How Is Machine Learning Used In Human Resources Applications?
In the recent HCI webinar, we learned how ML could help HR professionals find the best candidates. While no single person can be objective in every situation, HR professionals have difficulty sorting through a large candidate pool. Quickly and accurately identifying ideal candidates can free up more human time for more complex tasks. The goal is to minimize bias in hiring, promotion, and rewards.
HR processes data on a massive scale, but the organization’s ability to analyze it is limited. It is imperative that HR analytics provide meaningful insights from these data. With machine learning, organizations can improve workflows and understand training outcomes. The best example of this is ONPASSIVE’s O-Staff. In addition, they can optimize vacation requests and sick days. These insights are empowering and valuable for the business. And as a result, they can better engage employees and create a more productive workplace.
The application of ML in HR is mainly untapped, but some companies are already using it. Google uses its ML algorithm to analyze job applicant attributes and match them to positions based on those attributes. LinkedIn and Glassdoor are also using machine learning algorithms to identify candidates. The companies use these algorithms to attract candidates. The results are more accurate and more consistent than ever. These applications may even improve the way HR teams recruit.
Several HR applications are being created. One of these applications is using ML algorithms in recruiting. This type of algorithm is highly scalable and can trigger training events. Its capabilities can help scale HR reach throughout the organization. Moreover, AI technologies can also be used to improve employee development. For example, Workday builds custom advice for training workers. This advice is based on the needs of the company. Similarly, the system can make written feedback for HR practitioners.
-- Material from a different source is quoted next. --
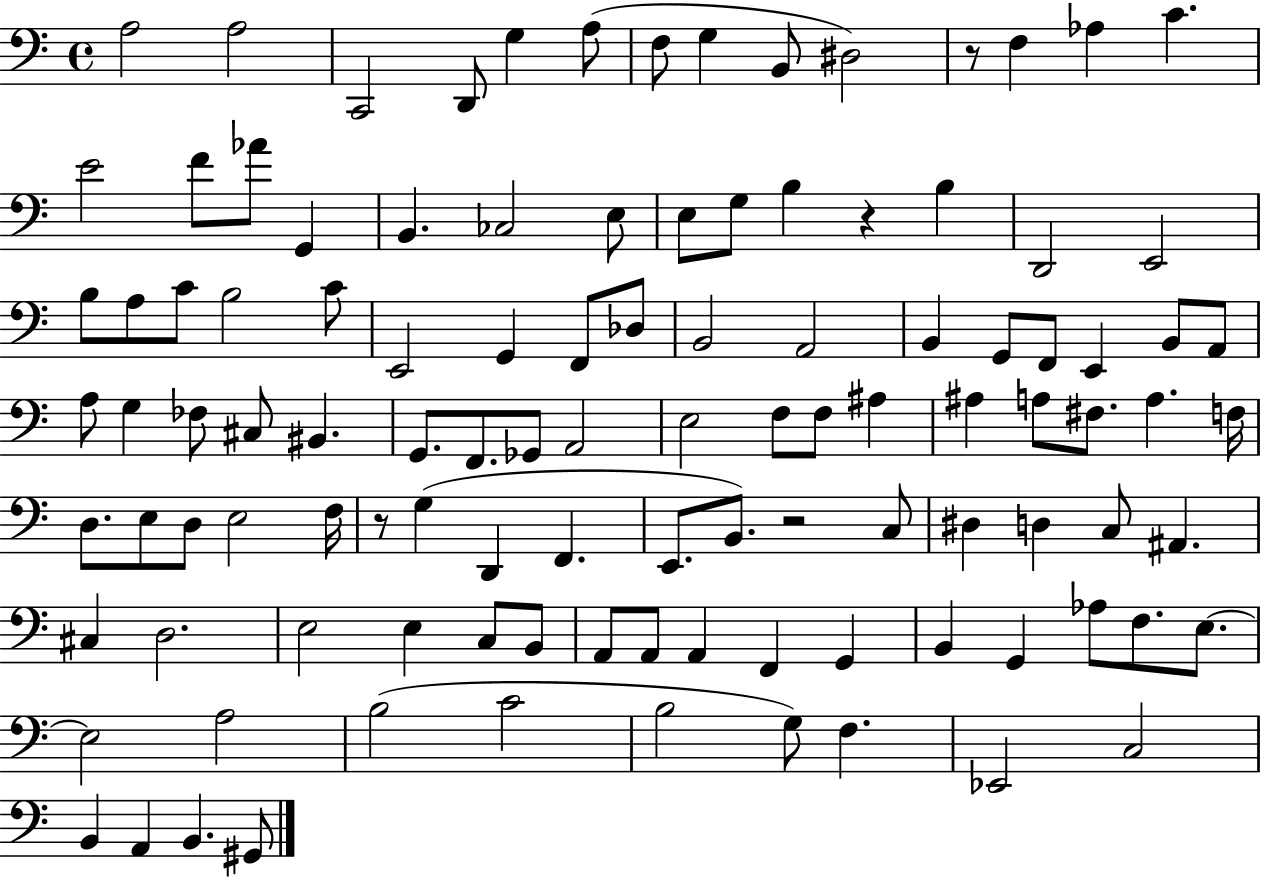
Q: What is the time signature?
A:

Another application of ML is behavior tracking. ML can easily track an employee’s activity by adding sensors to the workplace. This data is essential in the recruitment process. The more data a company has, the more accurate the results will be. In fact, 80% of all jobs are filled by automation. But inhumane employees experience poor customer service. Whether it’s an overly automated application or a poorly-maintained social media presence, the ML software can make the process more effective.
Cognitive insight in HR is a good use of ML. AI algorithms can interpret data and identify patterns and help HR departments make better decisions. In addition, it can improve the recruitment process by saving countless hours of time and effort. And as we see, ML can be useful for both the recruiting process and the development of human-computer interfaces. The human element will remain an essential part of the human-machine interaction process, so it’s vital to know how the technology can benefit the company.
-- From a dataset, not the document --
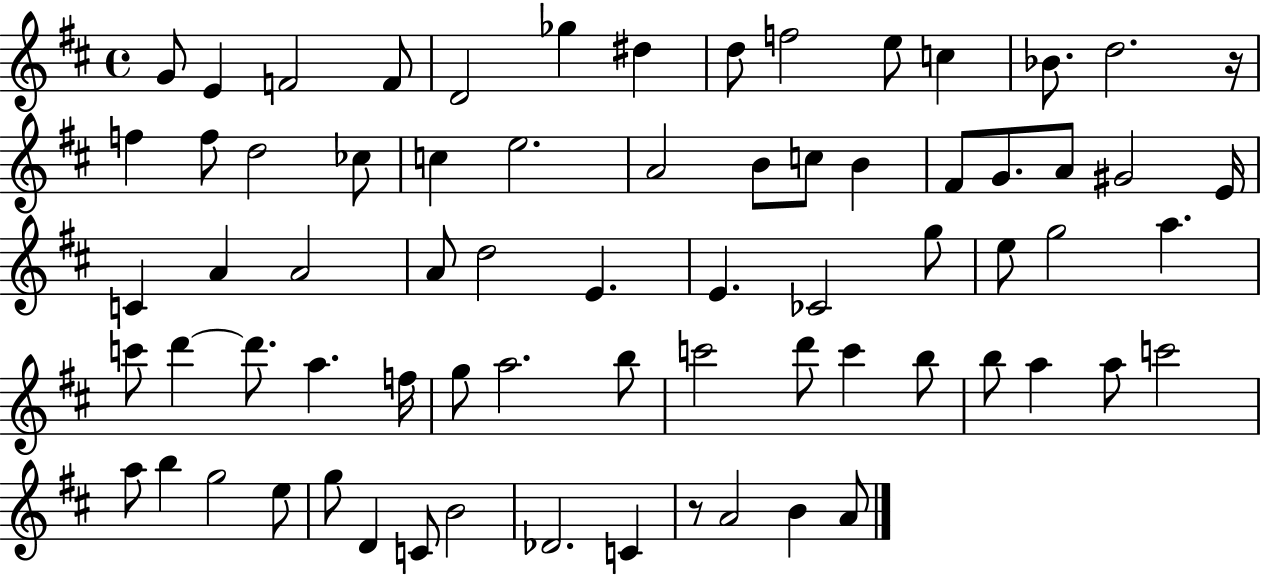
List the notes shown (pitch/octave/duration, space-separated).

In addition to improving recruitment, machine learning can also improve efficiency. While some of these applications are false positives, others can increase the likelihood of hiring the right people. While a good hire can increase the odds of successful employee retention, a low rate of staff turnover can reduce the company’s costs. That is why companies must improve the productivity of their HR department.
As HR professionals, we need to keep pace with the latest trends in machine learning. This technology can be used to make crucial decisions, and it can help employees make better decisions. However, there are still challenges with this technology. For example, if employees are unhappy with their employer, it may be difficult for them to compete with another company. In the end, a company needs to be able to leverage the benefits of machine learning in the HR function.